Single cell mRNA-seq Analysis

For single cell mRNA-Seq analysis the raw fastq files were aligned against the Ensemble GRCh38 genome using the Gencode v25 gene annotation. Gene level read counts were then calculated using featureCounts from the Subread package. Raw counts were log transformed and quantile normalized. For hierarchical clustering Pearson correlation was used as distance metric. Hierarchical clustering was plotted using the dendextend library in R.

mRNA-seq Quality Control

Scater library (McCarthy et al., 2017) was used to include samples and genes that pass quality control. For single cell analysis, we first discarded genes that are expressed in less than 1% of the cells. Then we applied Scater library function ‘isOutlier’ with 3 median absolute deviations in order to define the thresholds for following parameters: total number of counts, number of genes detected and number of counts belonging to mitochondrial genes. Values beyond this threshold are considered outliers and were not included in the analysis. As a result, we defined the following criteria: 1) total number of counts detected per sample ≥ 891,010; 2) number of genes detected in each single cell ≥ 2,619; 3) number of counts belonging to mitochondrial genes ≤ 500,224. From single cell mRNA-seq 39 cells did not pass the quality control filters and were not included in the analysis. As for genes, from 56,269 we used 24,536 for analysis. For population mRNA-seq from the initial 24 samples from BJ and HDF-derived cells 1 sample did not pass the quality control and was discarded (BJ Day 15 CD49f+).

ChIP-seq analysis

ChIP-seq analysis was performed on the raw FASTQ files. FASTQ files were mapped to the human hg19 genome using Bowtie 2 program allowing for 2 base pair mismatches. Mapped output files were processed through MACS1.4 analysis software to determine peaks. Homer software package was used for peak annotation and further analysis was performed using the Galaxy server and R statistical software.

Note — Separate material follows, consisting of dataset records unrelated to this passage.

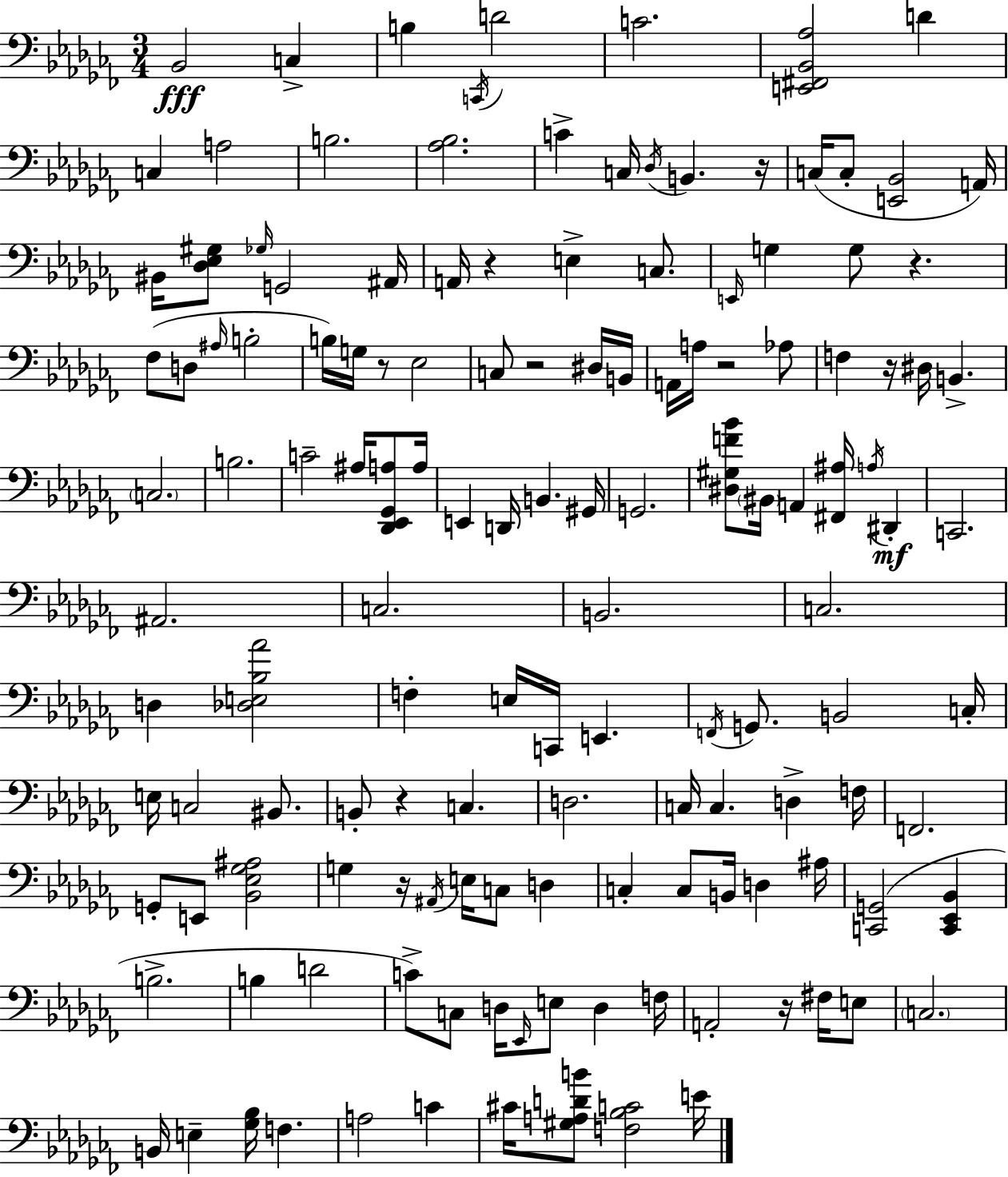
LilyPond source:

{
  \clef bass
  \numericTimeSignature
  \time 3/4
  \key aes \minor
  bes,2\fff c4-> | b4 \acciaccatura { c,16 } d'2 | c'2. | <e, fis, bes, aes>2 d'4 | \break c4 a2 | b2. | <aes bes>2. | c'4-> c16 \acciaccatura { des16 } b,4. | \break r16 c16( c8-. <e, bes,>2 | a,16) bis,16 <des ees gis>8 \grace { ges16 } g,2 | ais,16 a,16 r4 e4-> | c8. \grace { e,16 } g4 g8 r4. | \break fes8( d8 \grace { ais16 } b2-. | b16) g16 r8 ees2 | c8 r2 | dis16 b,16 a,16 a16 r2 | \break aes8 f4 r16 dis16 b,4.-> | \parenthesize c2. | b2. | c'2-- | \break ais16 <des, ees, ges, a>8 a16 e,4 d,16 b,4. | gis,16 g,2. | <dis gis f' bes'>8 \parenthesize bis,16 a,4 | <fis, ais>16 \acciaccatura { a16 }\mf dis,4-. c,2. | \break ais,2. | c2. | b,2. | c2. | \break d4 <des e bes aes'>2 | f4-. e16 c,16 | e,4. \acciaccatura { f,16 } g,8. b,2 | c16-. e16 c2 | \break bis,8. b,8-. r4 | c4. d2. | c16 c4. | d4-> f16 f,2. | \break g,8-. e,8 <bes, ees ges ais>2 | g4 r16 | \acciaccatura { ais,16 } e16 c8 d4 c4-. | c8 b,16 d4 ais16 <c, g,>2( | \break <c, ees, bes,>4 b2.-> | b4 | d'2 c'8->) c8 | d16 \grace { ees,16 } e8 d4 f16 a,2-. | \break r16 fis16 e8 \parenthesize c2. | b,16 e4-- | <ges bes>16 f4. a2 | c'4 cis'16 <gis a d' b'>8 | \break <f bes c'>2 e'16 \bar "|."
}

Chromatin State Fold-Enrichment

Enrichment scores for genomic features, such as GATA2 and GFI1B Chip-seq peaks and histone marks were calculated using ChromHMM Overlap Enrichment (Chronis et al., 2017), based on public segmentation. ChromHMM segmentation, that contains 18 different chromatin states, was downloaded from Roadmap website and used for analysis. Enrichment scores were calculated as the ratio between the observed and the expected overlap for each feature and chromatin state based on their sizes and the size of the human genome.

Gene List Enrichment Analysis with Single Cell Data

Differential gene expression was calculated for all pairwise sample groups (HDF, DAY2, CD34+ CD49f+, CD49f+, UCB CD34+) using variance-stabilizing transformation combined with limma. To calculate gene set enrichment the top 500 and bottom 500 genes for each differential expression gene signature were uploaded to Enrichr. The significance of gene set overlap was measured using the Fisher Exact test.

Motif Analyses

For de novo motif discovery, findMotifsGenome.pl procedure from Homer was used on GATA2 and GFI1B separately. Co-bound regions by GFI1B and GATA2 were found using bedtools. Co-bound regions were used for de novo motif discovery using Homer and CCAT. In order to evaluate similarity of the two sets based on the intersections Jaccard statistic were used.

Integration of Independently Obtained Gene Expression and Genome Location Datasets

Data from microarray and RNA-seq experiments were adjusted using quantile normalization; genes insignificantly changing their expression across samples were removed using ANOVA with the consequent adjustment for multiple testing (Benjamini-Hochberg correction, p < 0.05). Data for the remaining genes were converted to Z-scores. Hierarchical clustering and Principal Component Analysis (PCA) of the integrated dataset was performed using Cluster 3.0 and visualized with JAVA treeview. For differential gene expression analysis, DESeq2 was used in HDF, day 15 CD49f+, day 25 CD49f+ and day 25 CD34+CD49f+ and genes were selected using the following criteria: 1) DESeq2 differential calls with an adjusted p value < 0.05 (FDR used as adjusted p value) between either of four groups of sample; 2) Absolute changes in expression between minimal and maximal expression > 1.5 fold. Intersection between the genes identified by Chip-Seq for GATA2 and GFI1B (binding peaks within ± 5kb around the transcriptional start) and mRNA-seq identified 1,425 genes, which were clustered and visualized. Those 1,425 genes we divided into 3 groups: 1) Genes bound only by GATA2; 2) Genes bound only by GFI1B; 3) Genes co-bound by GATA2 and GFI1B.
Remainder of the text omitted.